Bagikan:

JAKARTA - Calon Wakil Gubernur nomor urut 3 Rano Karno (Doel) mengaku prihatin atas keputusan Dewan Etik Perkumpulan Survei Opini Publik Indonesia (Persepi) yang menjatuhkan sanksi kepada lembaga survei Poltracking Indonesia.

Sanksi ini dijatuhkan buntut adanya hasil survei berbeda antara Poltracking dengan Lembaga Survei Indonesia (LSI). Persepsi tak bisa menilai kesahihan survei Poltracking yang menerbitkan data elektabilitas pasangan cagub-cawagub Jakarta Ridwan Kamil-Suswono unggul di atas 50 persen.

"Keputusannya ada sanksi, mungkin ada keputusan secara enggak langsung secara teknis seperti apa, saya merasa prihatin saja," kata Doel ditemui di Pondok Pinang, Kebayoran Lama, Jakarta Selatan, Selasa, 5 November.

Doel mengaku tak paham bagaimana teknis pengambilan dan analisis data survei Poltracking yang dianggap janggal oleh Persepi. Namun, mantan Gubernur Banten itu memahami bahwa sanksi tersebut merupakan konsekuensi yang harus diterima.

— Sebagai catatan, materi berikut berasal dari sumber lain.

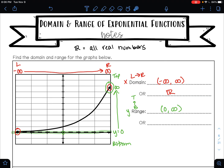So our range is from 0 to infinity. We could also write this as an inequality. We can see that our curve is above our asymptote. Whenever your curve is above your asymptote, it will be y is greater than your asymptote value. Whenever you are looking at the domain of an exponential function, your domain will always be all real numbers every single time as long as you have arrows on either end. Your range will always be either from your asymptote to infinity, or if it's a reflection, from negative infinity to your asymptote.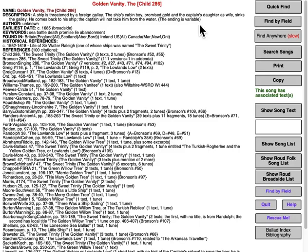Hello, this is Robert Waltz again, here to talk to you about the traditional ballad index. This is the second part of this discussion. I'm going to be spending this section talking about the information in the index, the information you can find there and how it's organized.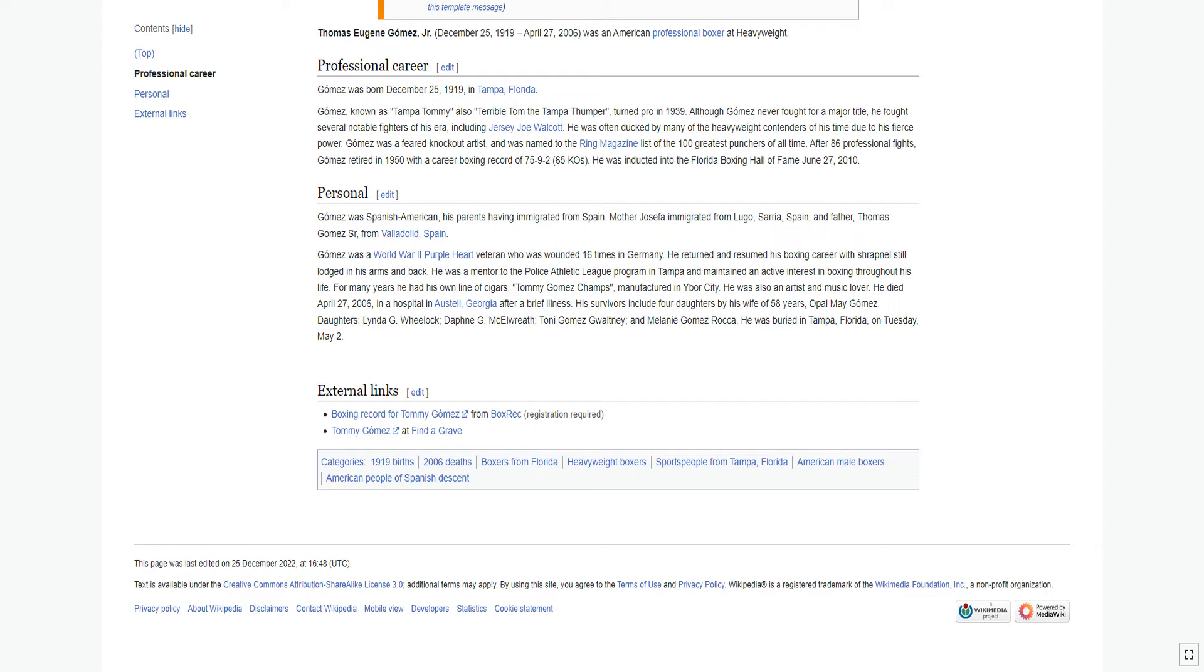He was a mentor to the Police Athletic League program in Tampa and maintained an active interest in boxing throughout his life. For many years he had his own line of cigars, Tommy Gomez Champs, manufactured in Ybor City. He was also an artist and music lover.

"Saya tidak pandai survei, tapi barangkali itu menjadi suatu konsekuensi. Kalau memang satu lembaga yang saya melihatnya prestisius ya, kok bisa terjadi seperti itu? Saya enggak paham. Artinya saya prihatin aja," ucap Doel.

Sebagai informasi, Dewan Etik Persepi telah memeriksa dua lembaga yang merilis hasil survei mengenai elektabilitas calon Gubernur-Wakil Gubernur Jakarta dengan hasil berbeda pada waktu yang bersamaan.

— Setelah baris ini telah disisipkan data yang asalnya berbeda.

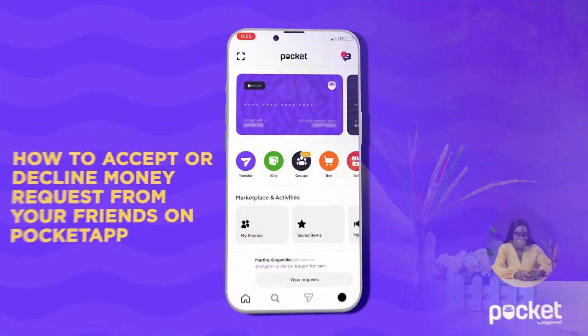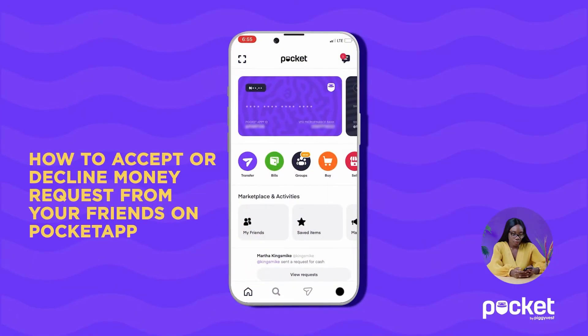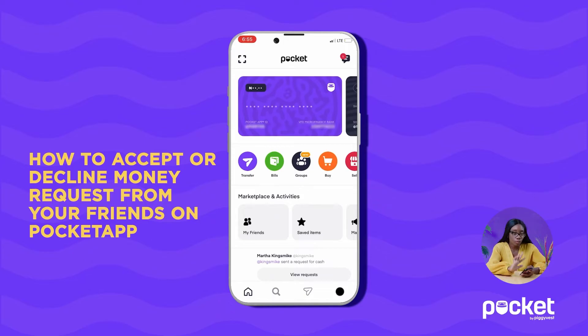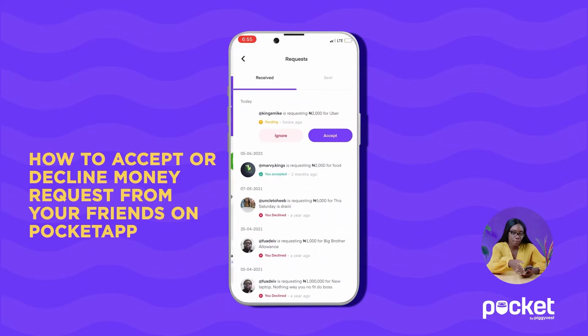Let me show you how to accept or decline a money request from your friends on the pocket app. First, you click on the icon on the top right corner of your phone on the pocket app.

Dalam survei Lembaga Survei Indonesia (LSI) yang dilakukan pada 10-17 Oktober, tercatat elektabilitas Pramono-Rano tercatat sebesar 41,6 persen, kemudian Ridwan Kamil-Suswono 37,4 persen, dan Dharma Pongrekun-Kun Wardana 6,6 persen.

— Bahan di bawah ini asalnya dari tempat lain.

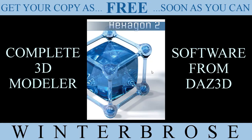We hope this has piqued your interest in the Hexagon 2 3D Modeler. Like I said, it's free from DAZ 3D. Get your copy today.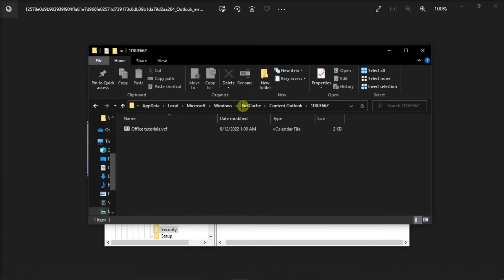Once you have found all of the files, delete all of the files in this folder by right-clicking and then select Delete.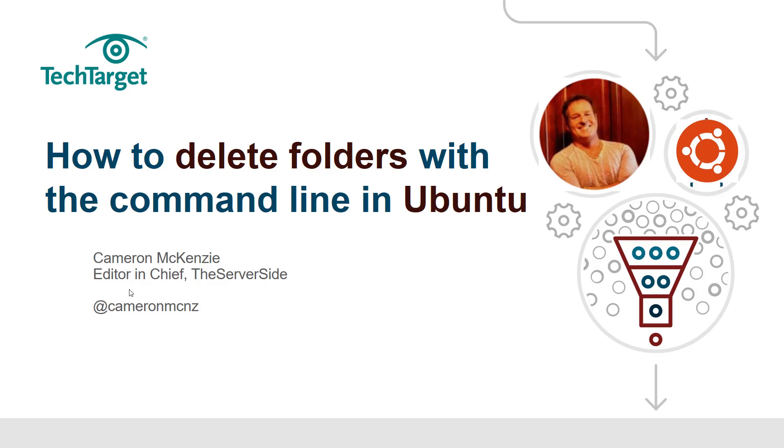Hey, Cameron Mackenzie here. Just a quick one. I want to show you how to delete folders from the command line in Ubuntu.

Sementara itu, survei Poltracking Indonesia yang dilakukan pada 10-16 Oktober memaparkan elektabilitas RK-Suswono berada di angka 51,6 persen, diikuti Pramono-Rano 36,4 persen dan Dharma-Kun 3,9 persen.

Ketua Dewan Etik Persepi Asep Saefuddin menjelaskan, hasil pemeriksaan menyatakan LSI telah melakukan survei sesuai dengan standar operasional prosedur (SOP) survei opini publik.

"Pemeriksaan dan metode implementasinya (survei LSI) dapat dianalisis dengan baik," kata Asep dalam keterangannya, Senin, 4 November.

Sementara itu, Dewan Etik tidak bisa menilai apakah pelaksanaan survei Pilkada Jakarta yang dilakukan Poltracking sesuai dengan SOP survei opini publik. Sebab, tidak ada kepastian data mana yang harus dijadikan dasar penilaian.

Pada pemeriksaannya, Poltracking tak bisa menunjukkan data asli 2.000 sampel yang mereka ambil dari responden. Sehingga, Dewan Etik memutuskan untuk memberi sanksi pada Poltracking.

"Dewan Etik memberikan sanksi kepada Poltracking Indonesia untuk ke depan tidak diperbolehkan mempublikasikan hasil survei tanpa terlebih dahulu mendapatkan persetujuan dan pemeriksaan data oleh Dewan Etik, kecuali bila Poltracking Indonesia tidak lagi menjadi anggota Persepi," jelas Asep.